Monday, November 14, 2022

Anonymous Asks (223)

“Does the Bible promote arranged marriages?”

If you are getting your moral direction from Hollywood, you might think the only legitimate basis for marriage is romantic love. If not romance, at very least a pragmatic consideration of one’s own interests is surely in order. For example, a woman in her late thirties who desperately wants children might be willing to settle for marriage to a man for whom she doesn’t have strong feelings, provided they are compatible in their thinking about the importance of family.

But does the Bible teach that something other than our emotions, intellects and will ought to be involved in the process, specifically the direction of others?

Not the Norm

Arranged marriages were not the norm even in scripture. We can find plenty of examples of OT characters who made their own choices, some better than others. For example, Esau chose a pair of Hittite wives who made his parents miserable. Evidently they were not consulted about that. Samson chose a wife from among the Philistine against his parents’ advice. When Amnon because obsessed with his half sister Tamar, she told him to speak to the king about it, reasoning David might respect his son’s wishes even though they involved a family member.

Okay, those are all bad choices. Others were more reasonable. One of David’s better choices for a wife was a widow named Abigail whose beauty and wisdom appealed to him. Boaz married Ruth for similar reasons after she effectively proposed to him.

The Case of Abraham

Arranged marriages are still a feature of some cultures. While the practice was not the norm in scripture, the historical books of the Bible do give evidence that godly (and ungodly) parents made the occasional marriage for their children without considering romance or physical attraction. Judah took a wife for his son Er. There is no indication Er was consulted. Daughters were more likely than sons to be packaged off without the formality of consent, but marriage also provided young women with the security and protection they needed in order to leave their father’s house safely.

Probably the most famous arranged marriage in scripture is Abraham sending his servant to take a wife for his son Isaac from among his relatives in Mesopotamia rather than from among the Canaanites where he lived. Rebekah was literally an answer to the servant’s prayer, so we know God was involved to some degree in the choice. However, Rebekah was not forced into a marriage she didn’t want. She was offered a veto and declined to use it. (She was also was not an unmitigated blessing in Isaac’s life. Like her famous son, she was a manipulator who did not always follow her husband’s wishes. I consider Rebekah’s side of that story here.)

Levirate Marriage

Levirate marriage was another sort of “arranged marriage”. This was apparently common practice among Abraham’s descendants and other nations of the day.

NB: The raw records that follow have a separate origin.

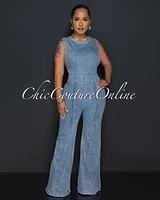 Houston Acid Wash Denim Back Key-Hole Tie Jumpsuit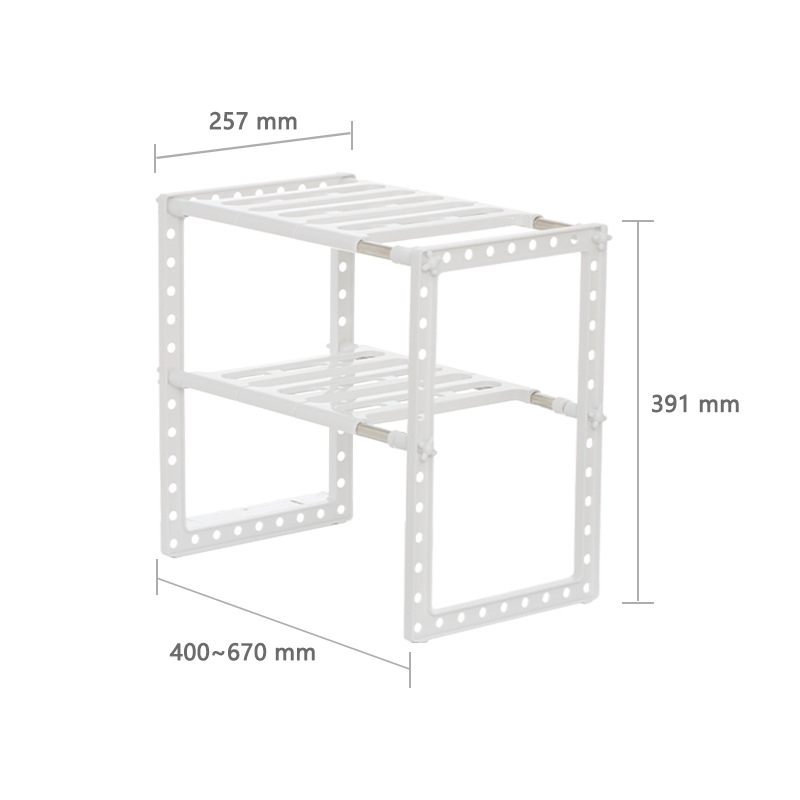 Raft de depozitare din oțel inoxidabil pentru chiuvetă — organizator mobil pentru periuțe de dinți și cosmetic, reglabil, potrivit pentru baie și bucătărie, sub chiuvetă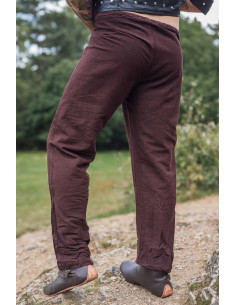 Pantalon Viking en lin modèle Asmund, marron foncé 2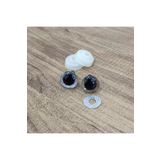 hobimon Amigurumi 12 Mm Vidalı Renkli Simli Göz - Gümüş - 10 Adet (5 Çift) Kilitli Göz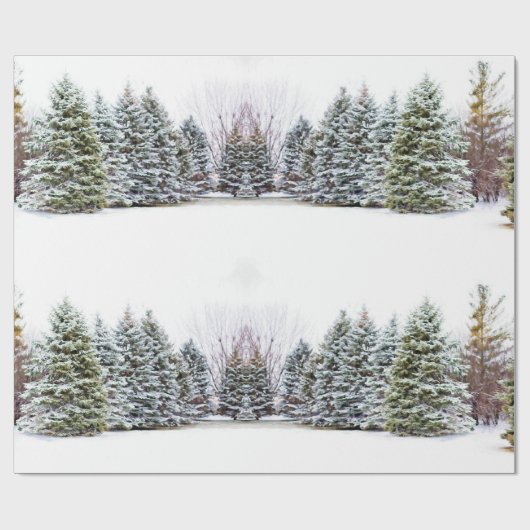 Winter Wonderland Forest Weihnachtskunst oder Geschenkpapier (Flach)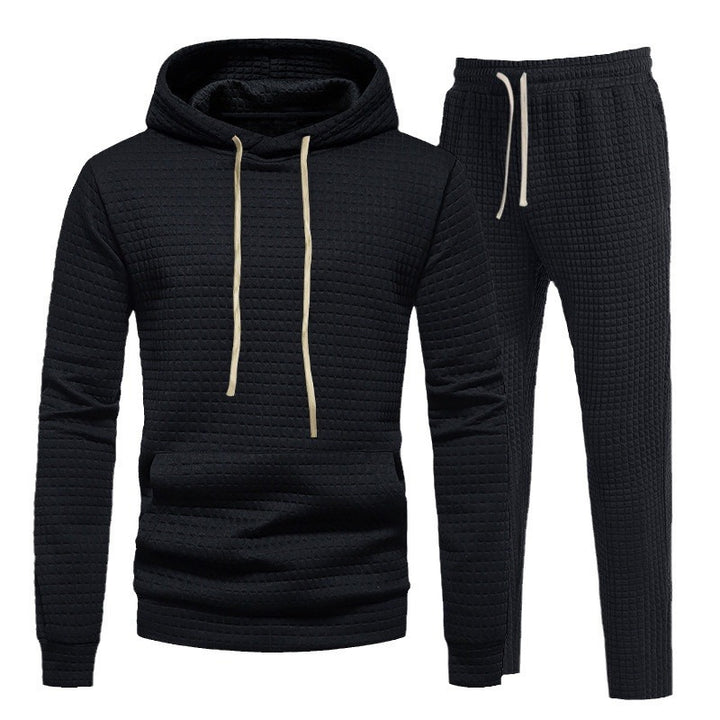 Herren Waffelstruktur-Freizeitset mit Kapuzenpullover und Tunnelzug-Jogginghose Echoarchiv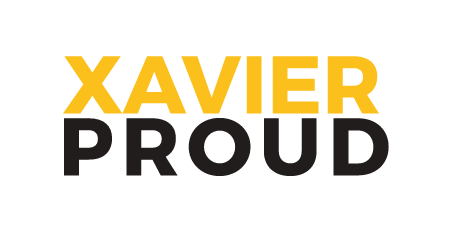 Xavier Proud wordmark stacked, full color variant, cell 23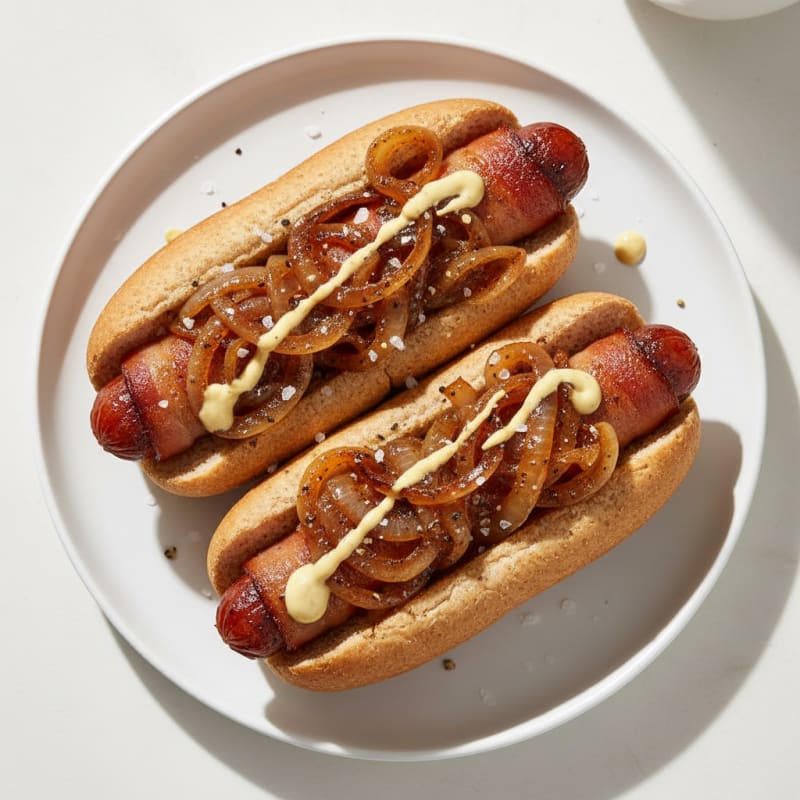 Bacon-Wrapped Hot Dogs with Caramelized Onions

After the death of his eldest son Er, Judah instructed Er’s brother Onan take his widow as a wife in order to raise up offspring for his brother. This did not suit Onan. Even so, he did not refuse outright, but tried to circumvent his father’s purpose in the bedroom. Tradition is a powerful thing. Later, levirate marriage ended up encoded in the Law of Moses with the intended purpose of preserving a dead relative’s name and inheritance rights in Israel.

Still, even levirate marriage was optional. Getting out of it was originally considered shameful, but it could be legally accomplished. By the time Boaz married Ruth, the process for extracting oneself from such an arrangement seems to have had minimal stigma attached to it.

Marriages of State

Royal marriages were also made for reasons that had little to do with the desires of the participants. Saul’s daughter Michal loved David, but he at first declined to become the king’s son-in-law, then later reconsidered when Saul made it a challenge. The king’s real aim was to have David killed in the process of meeting the bride-price, and that marriage too was ill-fated. David would later marry the daughter of the king of Geshur, which was probably more a matter of forging an alliance than love. Again, this ended badly. Maacah bore Absalom to David, and we all know what trouble he caused.

Other marriages of state were even more notorious. Ahab’s marriage to the Sidonian Jezebel is remarkable for the damage she did to his nation. Her daughter Athaliah was arguably worse. She married the king of Judah, usurped the throne after his death, and came closer to ending the Messianic line than anyone else in Israel’s history. None of these marriages were likely made for what we would consider the ordinary reasons.


So then, does the Bible promote arranged marriages? Neither by precept nor example. There are no commands to parents to organize their children’s marriages, and no commands to children to comply with their parents’ wishes in that regard. When Paul talks extensively about Christian marriage in 1 Corinthians 7, he views it as a choice to be made by the individuals involved, including women. The widow “is free to be married to whom she wishes, only in the Lord”. Moreover, the arranged marriages I have cited from the Bible’s historical books rarely turned out better than marriages made by the participants, and often turned out worse.

The only argument one might really make about the Bible promoting arranged marriages would derive from the commands in Deuteronomy about levirate marriage. But no such obligation exists for the Christian today. The Law of Moses is not binding on believers. Moreover, the pragmatic reasons for levirate marriage do not exist in today’s society. Women may obtain safe employment as readily as men, the welfare state protects those who can’t or won’t work, and the property issues levirate marriage was intended to protect are not part of Western culture.

Godly parents may have good advice to give to their children, but choosing their spouses for them is generally a step too far.